Can you tell us a little about your background? What was a defining moment of your career?

I was raised in a little village in Austria, surrounded by peaceful lakes and big mountains, and I was lucky to have such a safe place to grow up in. I loved spending time outside, observing the world around me. I’d sit for hours, watching the light change and the colours shift, and I especially loved the way the leaves on the trees danced in the wind. I’ve always been a dreamer, finding happiness in small moments others might miss. I’d watch the sunlight come through windows, making dust particles sparkle, or listen to rain on my window for hours. I think my love for the beauty of the world inspired my passion for art that incorporates sound, water, and light. However, unfortunately small towns often come with narrow-minded attitudes and to be honest, trying to be an artist wasn’t always easy. Sadly, I cared too much about what others thought and I often struggled with the fact that fine art photography wasn’t considered a profession. It wasn’t until I moved to London that I realised I might actually be able to turn my passion into a full-time career, and one of the most defining moments was when I was named Adobe Rising Star of Photography in 2021.

Where do you find inspiration for your portrait work?

I have a deep and enduring connection to both music and nature, which is why they are my main sources of inspiration. Despite the fact that I used to be much more of an extrovert than I am now, I also love listening to people and their stories. When I was younger, I had absolutely no fears of interaction or any doubts about talking to complete strangers, asking all sorts of questions and having the most intimate conversations with them. I think as I grew older, I got more reserved and, in a way, turned into a bit of an introvert. Photography is a way to tell stories, often stories of people who don’t always get to be heard, and thankfully I realised what kind of power I have as a photographer. After experiencing the narrow concepts of beauty in the fashion and advertising industry, I decided to use that power and focus on what I can do to contribute to a more open, diverse and inclusive society. I feel incredibly lucky that the people I photograph share their most personal stories with me by letting me capture them in a raw and sometimes vulnerable but honest way. I really don’t take it for granted when someone opens up to me and nothing makes me happier than hearing from someone that they felt entirely themselves and confident in front of my camera. In addition to this, I am inspired by the effect my work has on people. I have received messages from strangers telling me that my photographs make them feel seen for the very first time, make them feel like they belong or grow in confidence. Additionally, people have told me that my photographs positively changed their perspective on certain things and for me, this is the most amazing reward because I think sometimes all it takes is an inspiring story told through a powerful image. By working towards figuring out how to make viewers see strength in vulnerability and rawness in imperfection, I want my work to be a bold and beautiful statement of rebellion against the confines of beauty standards.

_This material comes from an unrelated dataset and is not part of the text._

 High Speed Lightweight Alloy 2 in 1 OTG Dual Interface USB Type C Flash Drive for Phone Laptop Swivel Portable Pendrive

Can you tell us about your photographic process?

I am a very simple person and a lover of light, so I work with natural light whenever I can. Though I love playing and experimenting with light, I sometimes don’t even plan the lighting until I’m at the location with the people I’m photographing. My highest priority is making everyone comfortable in front of my camera and in my opinion, complex lighting setups often get in the way of that. If I have to use artificial lighting, I prefer continuous setups. My preferred focal length is around 28mm so I usually work with a 24-70mm lens and every once in a while just a simple 50mm. As for locations, it really depends on the project, but I prefer outdoor places that aren’t too urban. To be honest, all these aspects used to stress me much more than they do now and I’ve learned to trust my instincts over the years. Now my photographs are less about getting the perfect shot and more about capturing the person and their story.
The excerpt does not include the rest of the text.